Зато Управляющий Ряд скорее положительно оценил дальнейший приход к власти самозванки Алиш Кесмитс во время Переворота Жестяных Подошв. За время её недолгого сумасбродного правления люди в королевстве отощали, ссутулились, забыли каков на вкус рецепт простейшего народного супа со сметаной и кукурузной мукой. Но при этом, когда озверевшая толпа ворвалась в королевские покои и к своему огромному сожалению обнаружила там уже остывшую самозваную правительницу, перед своей смертью как следует накачавшуюся в объятиях троих ненаглядных фаворитов самым редким и благородным вином из столичных хранилищ, там были и графы северных земель, которые, как всем известно, незадолго до переворота прозрачно намекали о своём желании отделиться и избрать собственного короля. Общество естественным образом вновь слилось воедино в плавильном котле общей беды. В это время Центр совсем приостановил вылазки на многострадальные острова и снова, как когда-то очень давно, только лишь наблюдал…

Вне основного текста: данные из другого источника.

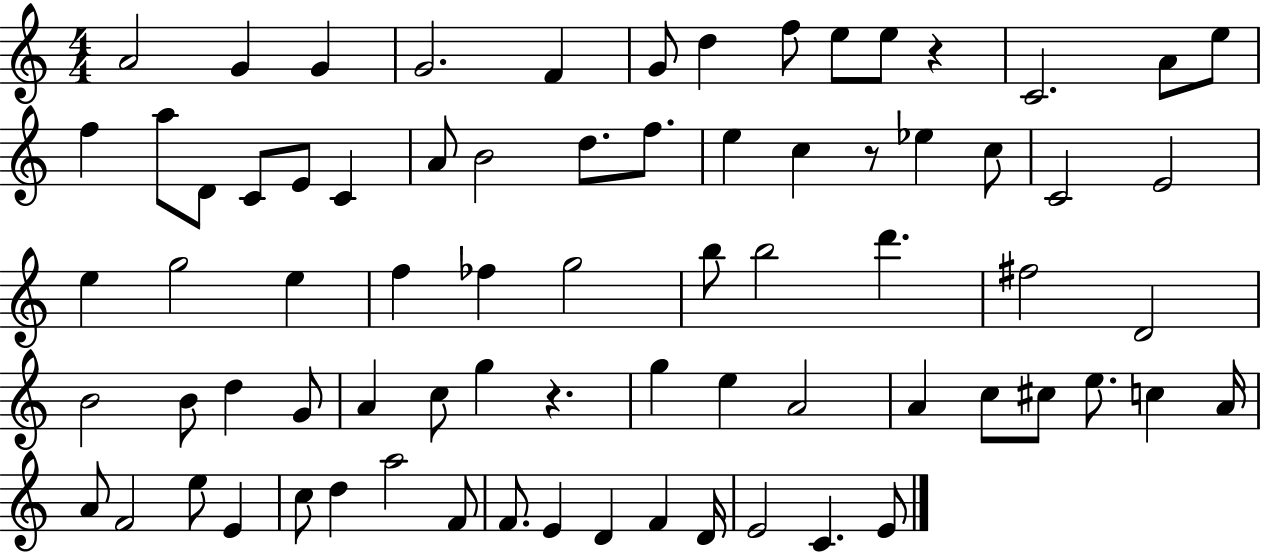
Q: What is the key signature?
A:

Прошло ещё пятьдесят лет, восемьдесят, сто тридцать… И вот посланников донных богов уже не считают чем-то сверхъестественным. Они - пока что необъяснимая аномалия. Их препарируют, составляют анатомические атласы, заспиртовывают отдельные вызывающие интерес части, пытаются анализировать составы биологических жидкостей.

В глубинах же оборудование «Виспс» постепенно изнашивалось и не всегда в ремонтных цехах удавалось восстановить все неисправности. Термальные электростанции уже не выдавали тех мощностей, что раньше. Несколько автоматизированных кораблей безвозвратно сгинули в мягко светящейся пучине мировых вод. Человечество всё реже и реже подавало признаки того, что собирается развалиться на части. Инженерный Сегмент уже взращивал в садках несколько новых прототипов моделей в соответствии с нынешним уровнем развития людей, но не было полной уверенности в том, что они пойдут в серию…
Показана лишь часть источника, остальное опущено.